**Problem details**: Scan the entries for lines with the word "your", then copy those lines.

**Data entries**:
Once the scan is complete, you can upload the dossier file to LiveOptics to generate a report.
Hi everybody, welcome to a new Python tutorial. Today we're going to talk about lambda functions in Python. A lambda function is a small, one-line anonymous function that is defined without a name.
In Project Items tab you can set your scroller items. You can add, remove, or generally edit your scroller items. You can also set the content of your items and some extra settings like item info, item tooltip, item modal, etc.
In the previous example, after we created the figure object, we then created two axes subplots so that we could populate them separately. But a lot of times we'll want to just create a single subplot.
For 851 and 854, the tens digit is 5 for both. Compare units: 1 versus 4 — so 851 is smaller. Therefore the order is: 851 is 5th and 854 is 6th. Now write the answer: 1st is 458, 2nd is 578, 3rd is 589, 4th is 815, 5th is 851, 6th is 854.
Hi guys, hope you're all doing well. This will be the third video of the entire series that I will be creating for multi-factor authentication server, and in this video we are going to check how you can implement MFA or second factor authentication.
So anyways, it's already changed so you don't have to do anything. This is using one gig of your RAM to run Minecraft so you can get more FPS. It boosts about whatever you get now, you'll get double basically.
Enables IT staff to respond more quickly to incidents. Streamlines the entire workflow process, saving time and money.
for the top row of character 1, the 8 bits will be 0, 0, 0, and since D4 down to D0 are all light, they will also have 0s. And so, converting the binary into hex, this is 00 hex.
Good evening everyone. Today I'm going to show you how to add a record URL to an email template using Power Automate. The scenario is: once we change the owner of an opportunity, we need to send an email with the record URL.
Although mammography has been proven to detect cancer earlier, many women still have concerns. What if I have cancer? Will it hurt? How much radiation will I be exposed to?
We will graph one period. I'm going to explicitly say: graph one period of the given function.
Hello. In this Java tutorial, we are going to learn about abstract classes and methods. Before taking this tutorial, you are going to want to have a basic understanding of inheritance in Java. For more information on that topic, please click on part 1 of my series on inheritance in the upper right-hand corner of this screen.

**Solution below**:
In Project Items tab you can set your scroller items. You can add, remove, or generally edit your scroller items. You can also set the content of your items and some extra settings like item info, item tooltip, item modal, etc.
So anyways, it's already changed so you don't have to do anything. This is using one gig of your RAM to run Minecraft so you can get more FPS. It boosts about whatever you get now, you'll get double basically.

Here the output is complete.